Examples of taxation in Switzerland
a) Revocable trust
The trust is considered to be transparent from the tax point of view. The assets and income of the trust continue being part of the assets and income of the settlor. The set up of the trust has no tax consequences and the assets and income are taxed at the settlor's domicile. Distributions to beneficiaries are considered to be gifts and taxed according to the relevant gift tax laws in the respective Swiss cantons.
b) Irrevocable fixed interest trust
The beneficiary can be considered to enjoy a usufruct. Therefore the trust assets and income are added to the beneficiary's assets and income from the tax point of view. The set up of the trust is considered to be a gift from the settlor to the beneficiaries and the respective Swiss canton can levy the gift tax.
Distributions to the beneficiary are considered to be taxable income. The income is realized at the moment when the beneficiary acquires a firm claim on the trust income or cashes in on the distribution. The beneficiary is also taxable on the quota of assets (tax on the assets).
Distributions to the beneficiary out of the trust which should be considered to come from profits generated through capital gains or from trust assets initially contributed to the trust (by the settlor) are tax free. If the beneficiary cannot prove this, the distribution to him is taxable income. There is always the assumption that trust asset can only be distributed when all trust income has been distributed, so the typical separation of a capital account and income account (for example to make sure that the remittance basis approach works for resident non-domiciled persons in UK) is of no value for Swiss domiciled beneficiaries to postpone income tax consequences.
c) Irrevocable discretionary trust
If the settlor has his taxable domicile in Switzerland when he sets up the trust, the assets and income of the trust continue being part of his taxable asset/income. The tax consequences are the same as for the revocable trust.
If the settlor has his taxable domicile outside of Switzerland when he sets up the trust, the asset of the trust is neither added to the settlor nor to the beneficiary. The transfer of assets from the settlor to the trust (to the trustees respectively) is a gift of the settlor.
Distributions to the beneficiaries are taxed at the moment of transfer or in the moment in which a claim to distribution arises. The distributions are normally income of the beneficiaries. If the beneficiaries can prove that the distribution comes from funds which are not income generated (original capital; contribution by the settlor already taxed as a gift), then there is no income tax.
It is noteworthy that the Swiss trustee cannot rely on the professional secrecy (lawyer, banker) if the settlor or beneficiary has the taxable domicile in Switzerland.

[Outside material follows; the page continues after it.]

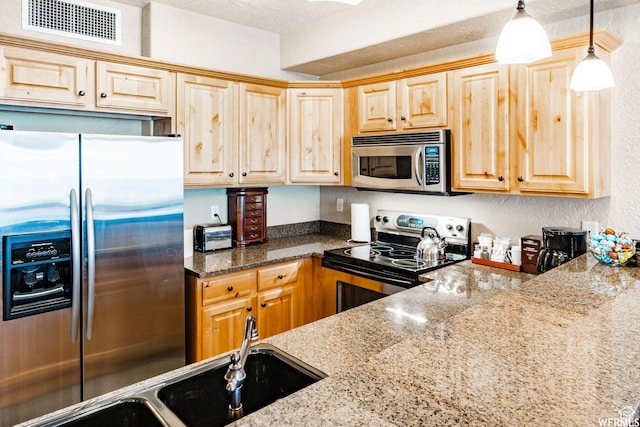 2653 Canyon Resort Dr Unit 227, Park City, UT 84098 - kitchen with light stone countertops, sink, hanging light fixtures, and appliances with stainless steel finishes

He may have to disclose information to the Swiss tax authority.
This article does not deal with the Swiss withholding tax of 35 % on dividends which eventually can be claimed back by the settlor or beneficiary or if and how double tax treaties may be used by the trustee (the trust respectively). It must be pointed out, that the trust is rather a disadvantage to benefit from double tax treaties.
The content of this article is intended to provide a general guide to the subject matter. Specialist advice should be sought about your specific circumstances.